Defendant raises the following issues on appeal:


A. The repeated aerial surveillance at 150 to 200 feet above the Marolda property was a violation of defendant's reasonable expectation of privacy under the Fourth Amendment of the United States Constitution and Art. 1 paragraph 7 of the New Jersey Constitution.

B. Exigent circumstances to enter the Marolda property did not exist. Therefore, any evidence obtained from the unlawful search and seizure constitutes fruit from the poisonous tree.





We will not consider the arguments raised in Points II and III of defendant's brief. "'Generally, a defendant who pleads guilty is prohibited from raising, on appeal, the contention that the State violated his constitutional rights prior to the plea.'" State v. Knight, 183 N.J. 449, 470 (2005) (quoting State v. Crawley, 149 N.J. 310, 316 (1997)). A plea of guilty amounts to a waiver of all issues, including constitutional claims, that were or could have been raised in prior proceedings. Tollett v. Henderson, 411 U.S. 258, 267, 93 S.Ct. 1602, 1608, 36 L.Ed. 2d 235, 243 (1973) (explaining that "a guilty plea represents a break in the chain of events which has preceded" and holding that a defendant who "has solemnly admitted in open court that he is in fact guilty of the offense . . . may not thereafter raise independent claims relating to the deprivation of constitutional rights that occurred" before the plea was entered). "Included within those constitutional rights that are deemed waived after entering an unconditional guilty plea are 'the privilege against compulsory self- incrimination, the right to trial by jury, the right to confront one's accusers, and the right to a speedy trial.'" Knight, supra, 183 N.J. at 470 (quoting Crawley, supra, 149 N.J. at 316). While the Rules of Court include exceptions that permit appeal following a guilty plea, none apply to permit a challenge to denial of a motion to suppress a defendant's statements or non-jurisdictional defects in grand jury proceedings. See Knight, supra, 183 N.J. at 471; State v. Robinson, 224 N.J. Super. 495, 500-01 (App. Div. 1988); cf. R. 3:5-7(d) and R. 7:5-2(c)(2) (permitting appeal from denial of a motion to suppress physical evidence after a guilty plea); R. 3:28(g) (permitting appeal from denial of admission into a pretrial intervention program following a plea of guilty); R. 3:9-3(f) (permitting appeal of an issue preserved by entry of a conditional plea). Because defendant did not preserve the issues raised in Points II and III by entry of a conditional guilty plea, he has waived his right to relief on either claim.

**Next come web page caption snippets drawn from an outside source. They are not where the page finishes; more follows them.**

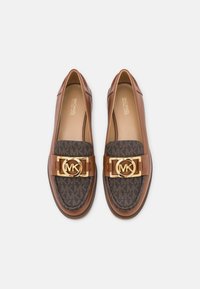 Bruine leren loafers met donker gemusterde stof, gouden ronde MK-logo gespen en beige binnenzolen met het label Michael Kors, bovenaanzicht op wit.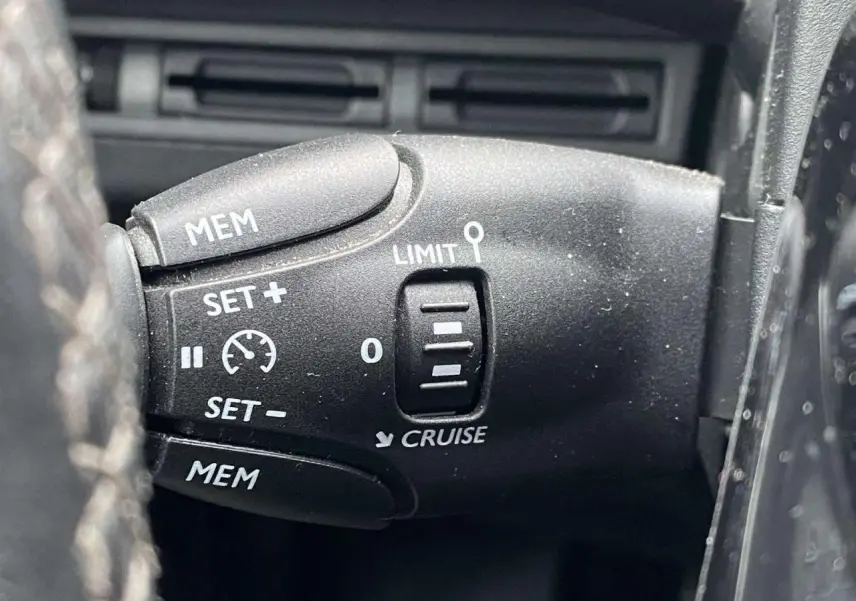 Gros plan sur la commande de régulateur de vitesse du Peugeot 3008 2017, finition Allure, intérieur noir.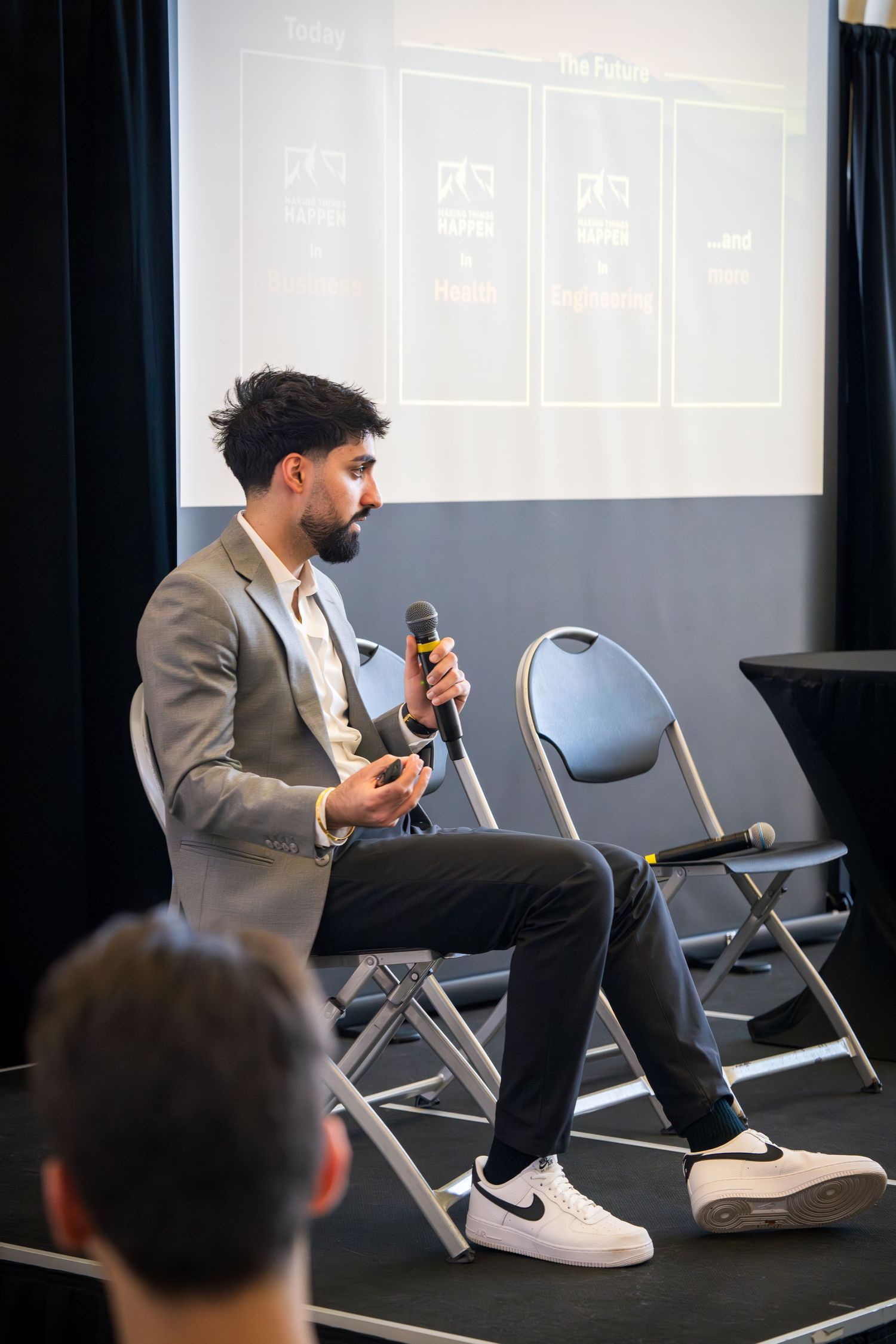 Business presenter speaking into microphone while seated on stage during conference.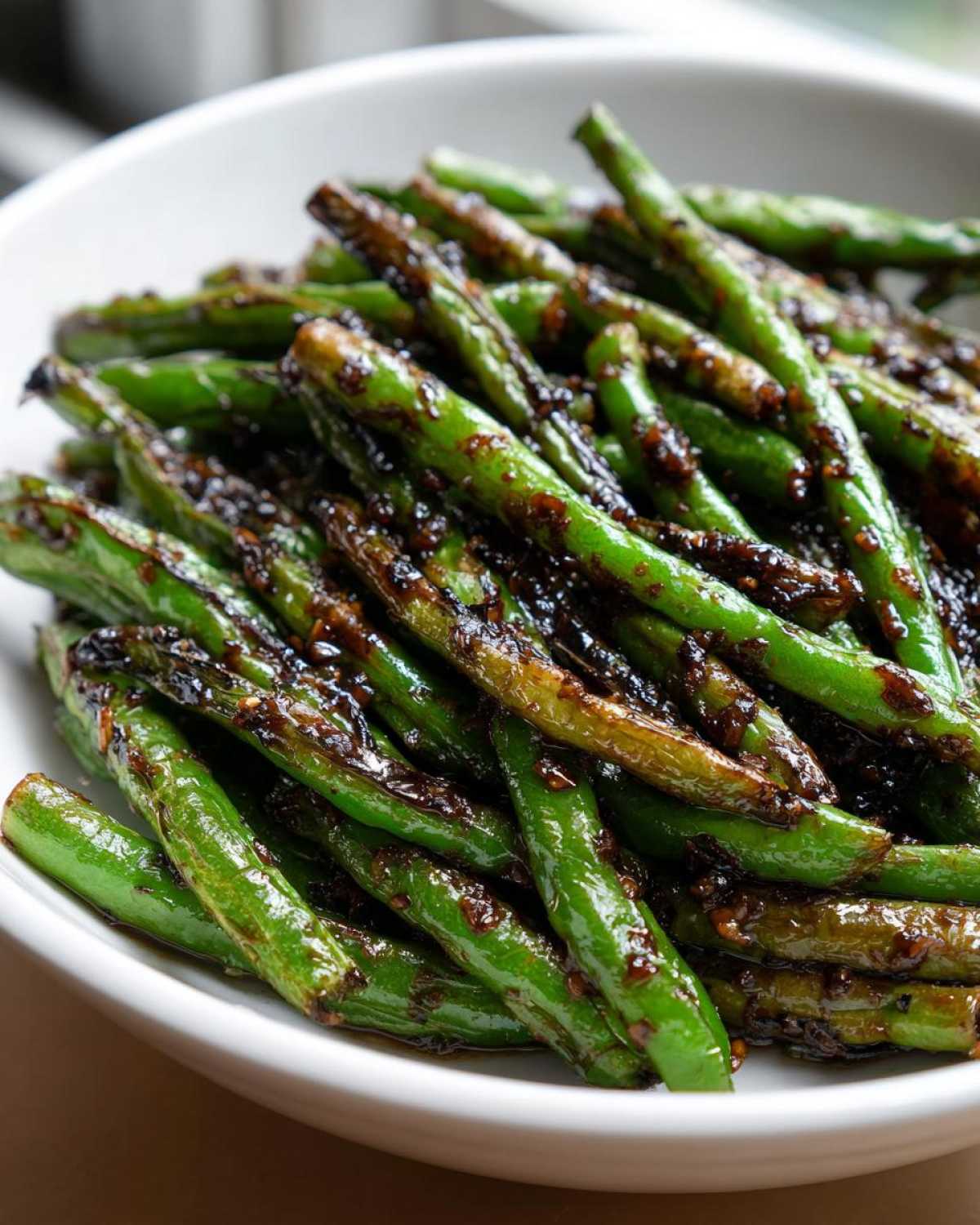 Close-up of vibrant green beans coated in a dark, glossy garlic sauce, ready to serve.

R. 3:9-3(f). Only his right to challenge the denial of his motion to suppress physical evidence is preserved by force of Rule 3:5-7(d).

The facts relevant to defendant's motion to suppress are as follows. Detective Sherma of the Buena Borough Police Department contacted Sergeant Samuel V. Cucciniello of the Atlantic County Prosecutor's Office to report that a confidential informant had told him that he had seen marijuana growing in a cornfield on defendant's farm. Cucciniello called the Marijuana Eradication Unit (MEU) of the New Jersey Division of State Police for assistance. The members of the MEU, sometimes aided by members of the National Guard, cooperate with local law enforcement officers. When Cucciniello called the MEU, he was told that the MEU did not have a helicopter available to fly over defendant's farm until September 9. Concerned that the crop would be harvested before that date and at the guardsman's suggestion, Cucciniello called the Coast Guard. A flight was arranged for the morning of September 2.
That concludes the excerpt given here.